Posts: 783
Threads: 12
Joined: Jan 2014
Thanks: 2
Given 73 thank(s) in 61 post(s)
01-19-2014, 07:16 AM
(This post was last modified: 01-19-2014, 07:18 AM by worktycho.)
Because your looking at 4-5 variants to cover standard compliant c++, SSE2, AVX, AVX2 and NEON. Also the vector specific code takes up 70-80% of the functions I'm looking at optimising so it would be far cleaner just to have 5 functions and then keeping them in sync is a pain.
Also with the path I'm going down at the moment it would be easy to add AVX-512 support when intel release skylake in 2015. It would also be easier to add support for any strange platforms that someone wants to use (GPUs, PowerPC in an old mac, MIPS on a PS3, Itanium, Mill if it gets released).
Posts: 6,485
Threads: 176
Joined: Jan 2012
Thanks: 131
Given 1075 thank(s) in 852 post(s)
The real question is, why doesn't the C++ compiler optimize our (single) C++ code into those instruction sets?

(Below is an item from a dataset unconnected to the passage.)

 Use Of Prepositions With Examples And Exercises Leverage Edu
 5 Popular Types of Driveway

I'd very much prefer clean C++ code that would compile to slightly-less-than-ideal machine code, than squeeze out some 5 % of performance through such a huge code overhaul like this.

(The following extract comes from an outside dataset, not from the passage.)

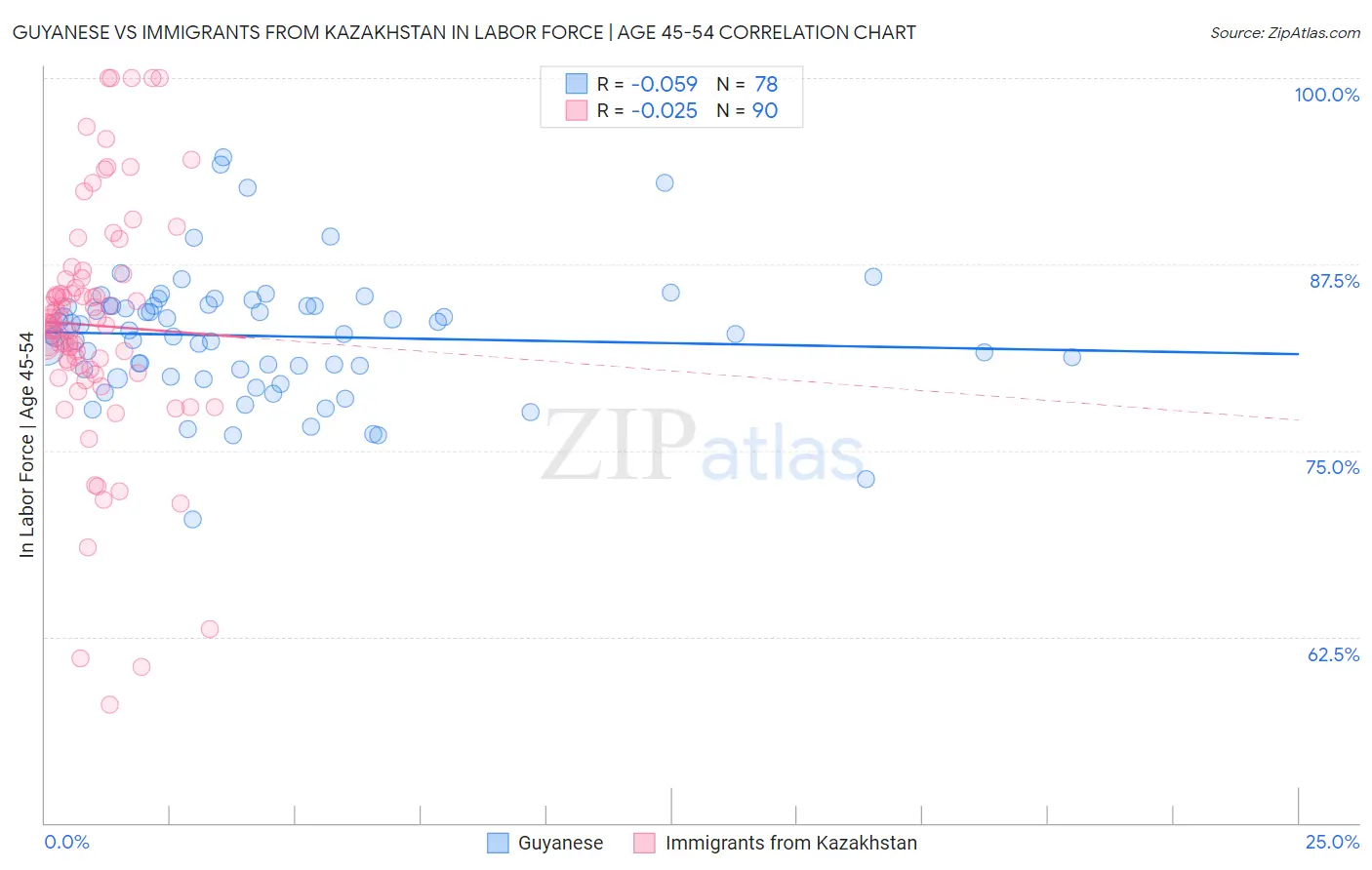 Guyanese vs Immigrants from Kazakhstan In Labor Force | Age 45-54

I know even VS2008 supports SSE2 instructions (at least it has a switch for them in the project properties UI), so it should be possible to have it output the optimized code somehow. It's more likely that we're not doing something right if our code doesn't get optimized.
Posts: 783
Threads: 12
Joined: Jan 2014
Thanks: 2
Given 73 thank(s) in 61 post(s)
01-19-2014, 07:40 AM
(This post was last modified: 01-19-2014, 07:47 AM by worktycho.)
It doesn't optimize because the compiler needs to prove that the loop is executed a multiple of the vector number of times. I've read the assembly and its not vectorizing it. Also there is a problem in floating point reordering causing a change in precision preventing vectorisation even with -ffast-math. I think the main problem is that a number of functions span translation units so the arrays have to be converted back to arrays of doubles for call. That is the classic C++ problem of not being able to do cross translation unit optimizations.
Posts: 1,450
Threads: 53
Joined: Feb 2011
Thanks: 15
Given 120 thank(s) in 91 post(s)
At least NEON looks very similar to SSE. You could simply #define these functions and it should work
Posts: 1,450
Threads: 53
Joined: Feb 2011
Thanks: 15
Given 120 thank(s) in 91 post(s)
Exactly. I would also say try optimizing it before writing some sort of fancy parser, the optimization might not work at all and then you have done all this work for nothing. I seriously think you are over complicating things.
Posts: 783
Threads: 12
Joined: Jan 2014
Thanks: 2
Given 73 thank(s) in 61 post(s)
Yes, I'm working on the comparison tool at the moment. Its proving a lot more work then expected because the generator is quite tightly coupled indirectly.
Posts: 6,485
Threads: 176
Joined: Jan 2012
Thanks: 131
Given 1075 thank(s) in 852 post(s)
I had a Heureka moment last night. If I remember correctly, it is possible to templatize functions not only on type, but also on an integer value, right? This might make the cCubicNoise::GenerateX() functions faster - if they had the array dimensions as template parameters, rather than regular parameters, the compiler would be able to make much more optimizations, such as unrolling the loop and perhaps even vectorizing the calculation, if it's smart enough. We're using a small set of dimensions anyway - usually only a 5x5 array.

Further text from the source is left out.